Access default database via postgres://dbuser_dba:DBUser.DBA@10.10.10.10:5432/meta (replace IP & password)

In Pigsty’s default config, a fully functional LB(HAProxy) is deployed on each database instance/node, so that any instance can serve as an access point for the entire cluster. The delivery boundary of a Pigsty cluster stops at the access layer LB(HAProxy); it is up to you to decide Access Policy: how to distribute business traffic to one, multiple, or all load balancing instances.

Pigsty provides a rich set of access methods. The Pigsty sandbox uses an L2 VIP bound to the primary and a domain name attached to that VIP as a sample. The application accesses the load-balancing instance on the primary through the L2 VIP via the domain name.

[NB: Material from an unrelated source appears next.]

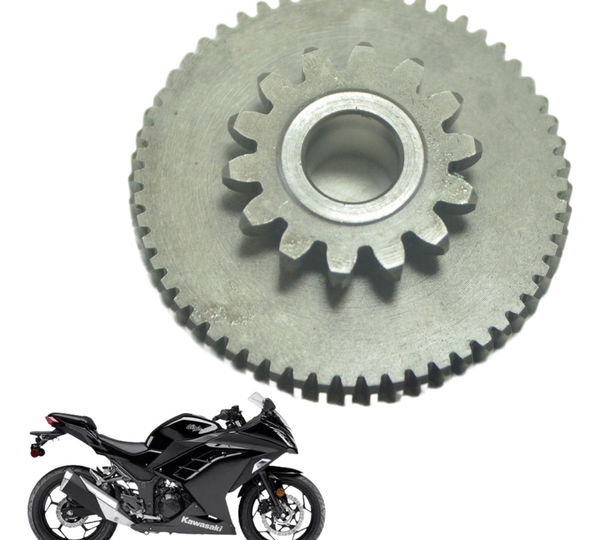 Engrenagem Redução Partida Kawasaki Ninja 300 13-18 Original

When this node becomes unavailable, the VIP is transferred with the primary, and the traffic is carried by the LB on the new primary, as shown in the following figure.

Another classic policy is to use DNS polling to resolve DNS domain names to all instances, and several common access patterns will be given in this article.

User Interface

The interface that Pigsty ultimately delivers to the user is a database connection string.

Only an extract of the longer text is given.